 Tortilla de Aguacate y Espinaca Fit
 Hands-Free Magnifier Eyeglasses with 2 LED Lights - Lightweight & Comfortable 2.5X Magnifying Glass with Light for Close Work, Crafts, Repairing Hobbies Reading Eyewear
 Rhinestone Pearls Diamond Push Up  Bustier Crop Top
====
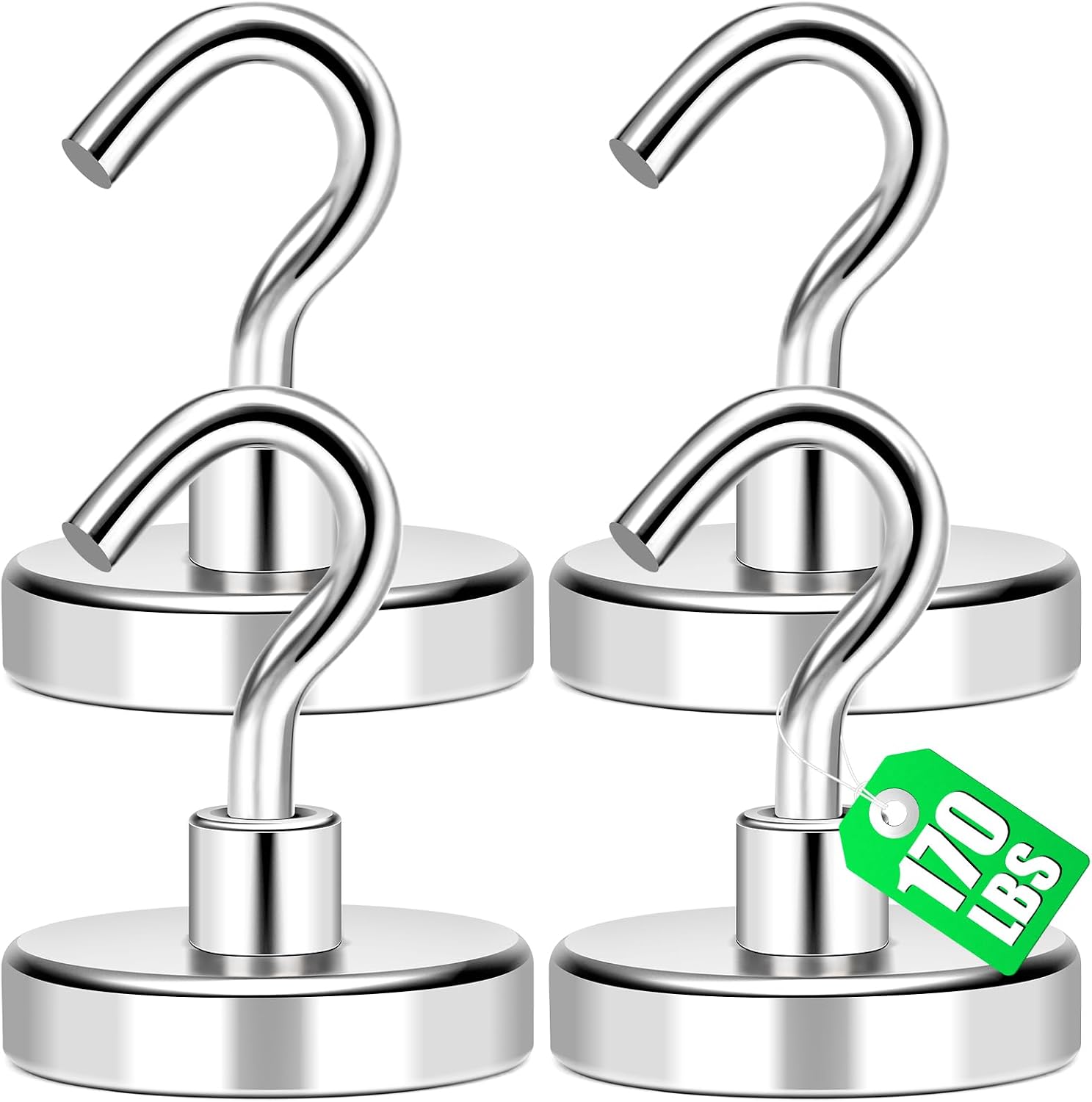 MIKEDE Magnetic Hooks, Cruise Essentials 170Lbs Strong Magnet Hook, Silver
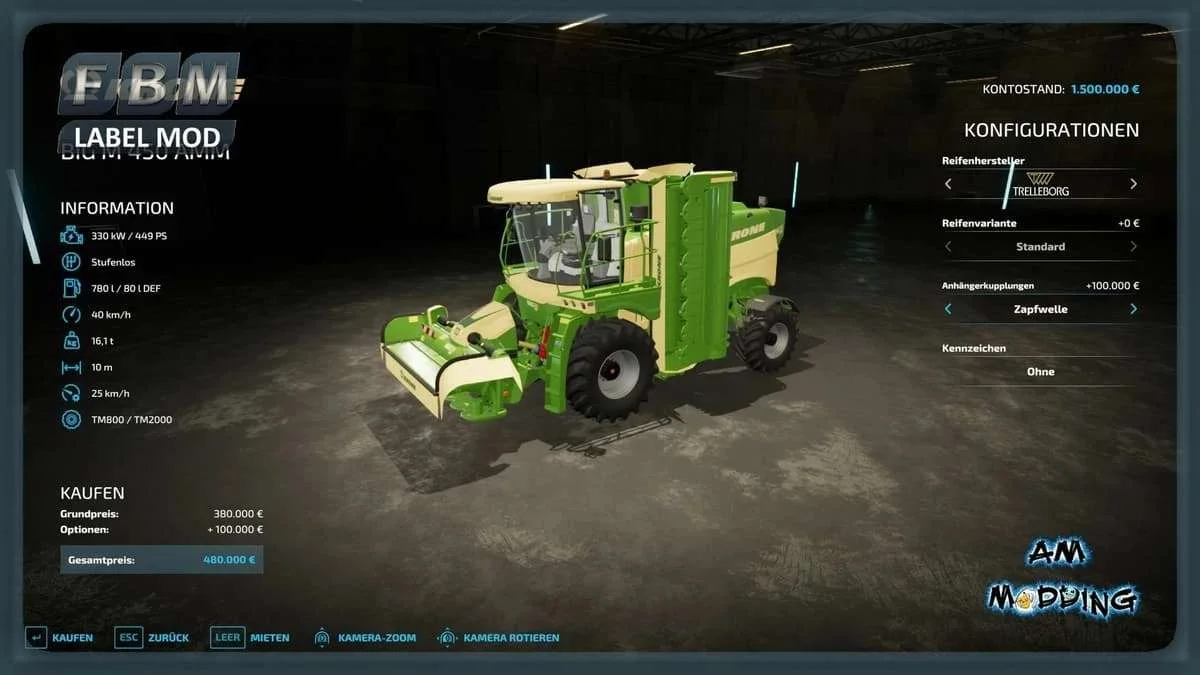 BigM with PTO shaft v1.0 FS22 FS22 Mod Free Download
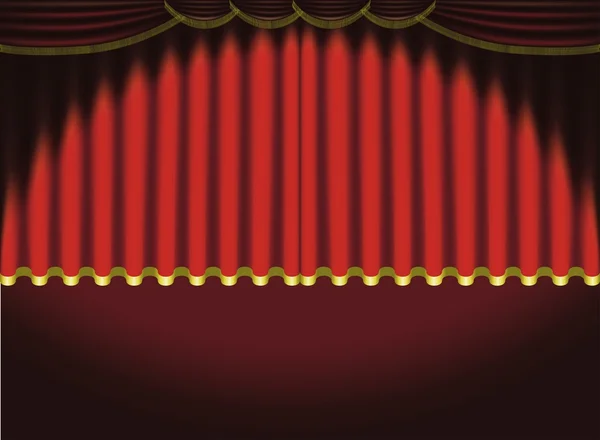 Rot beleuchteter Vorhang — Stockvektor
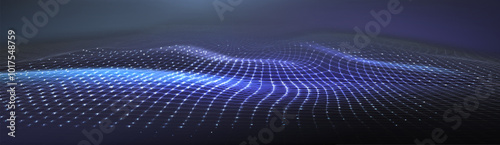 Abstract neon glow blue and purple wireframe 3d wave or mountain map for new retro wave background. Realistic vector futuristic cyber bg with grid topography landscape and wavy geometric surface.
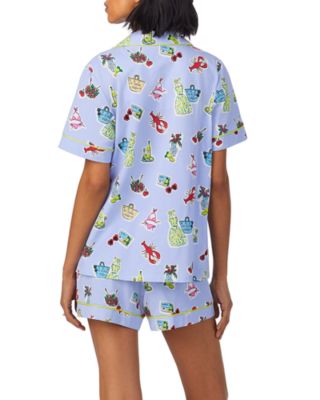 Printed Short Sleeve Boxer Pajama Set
====
Return only the stretch above from the line containing "MIKEDE Magnetic Hooks, Cruise" through the line containing "Printed Short Sleeve Boxer Pajama Set", word for word and without pictures.

 MIKEDE Magnetic Hooks, Cruise Essentials 170Lbs Strong Magnet Hook, Silver
 BigM with PTO shaft v1.0 FS22 FS22 Mod Free Download
 Rot beleuchteter Vorhang — Stockvektor
 Abstract neon glow blue and purple wireframe 3d wave or mountain map for new retro wave background. Realistic vector futuristic cyber bg with grid topography landscape and wavy geometric surface.
 Printed Short Sleeve Boxer Pajama Set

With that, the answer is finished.